The script, by Brian C. Brown and Elliott DiGuiseppi, fudges facts, sometimes with good reason. It makes sense, for example, that the Shipman character would, in this loose dramatization, be reimagined as a professional rival as well as a romantic one—a young NASA hire (Zazie Beetz) nipping at Lucy’s heels and threatening her return trip to the cosmos. Yet for as much as Lucy In The Sky tries to envision a credible personal life for its heroine, à la last year’s portrait of a troubled astronaut, much of the plot is mere setup—the domestic drama as glorified prelude. Hawley, the FX-network hotshot who created Legion and also the anthologized TV version of Fargo, seems to recognize that the home-front encounters might be as dull to us as they are to Lucy, and overcompensates by packing his debut feature with a lot of signature garish style: exaggerated camera angles; an aspect ratio that expands and contracts to express the difference between space’s boundless marvels and Earth’s dull routines; and a dazed float through a hospital set to an ethereal cover of the relevant Beatles song. (One is reminded that what passes for visionary direction on the small screen might not look quite as revelatory on the big one.)
Portman, rocking an accent as thick as Texas toast, takes Lucy’s dissatisfaction seriously. Her performance is persuasive and believable until it isn’t—which is to say, until the film needs her to go over the edge but not so far over that it might endanger our investment in Lucy’s plight. The goal, theoretically admirable, is to shine a sympathetic new light on a public figure who the culture treated like a punch line. It’s why the diaper stuff had to go: Seeing her slip one of those on might risk more live-studio-audience laughter, when Lucy In The Sky wants us to see her not as a joke but as a victim of impossible pressure, stifling domesticity, and institutional sexism. But to sanitize Nowak’s story is to bend it into a manufactured emotional arc—to try to fit the honestly deranged reality of her actions into a commiserative distortion of them. It’s like if I, Tonya had lost that whole unpleasant kneecapping business out of fear that the audience might find Tonya Harding less likable afterwards.

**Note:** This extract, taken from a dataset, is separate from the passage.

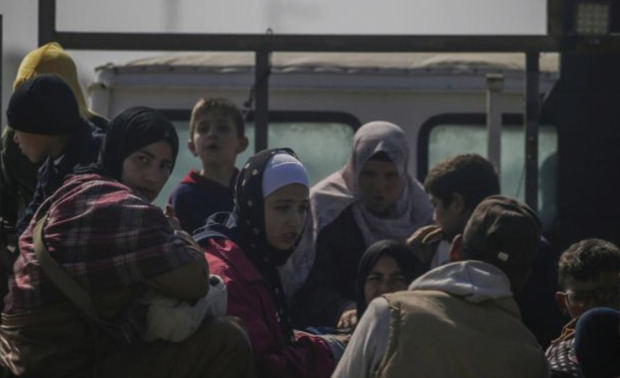 Palestinos viajan en la parte trasera de un camión a lo largo de la carretera Al Rashid, al sur de la ciudad de Gaza.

Not that the lack of diapers is really what does Lucy In The Sky in, though you do have to question the judgment of anyone who’d jettison a detail so singular and weird, however true or untrue it was. No, the bigger issue is that Hawley and company spend almost two hours laying banal dramatic groundwork, and then when they finally get to the climax—rewritten to involve a more “empowering” comeuppance for Hamm’s fickle lothario, as well as the somewhat unnecessary company of Lucy’s impressionable niece (Pearl Amanda Dickson)—it’s as anticlimactic as it is factually inaccurate. The irony of the elisions is that the only reason anyone would stick out such a boring character study is that there’s some wild shit waiting at the end of it. Lucy In The Sky ends up playing like some unauthorized Jackie Jormp-Jomp version of the Lisa Nowak story, as though they couldn’t get the rights to the names, or to the shit.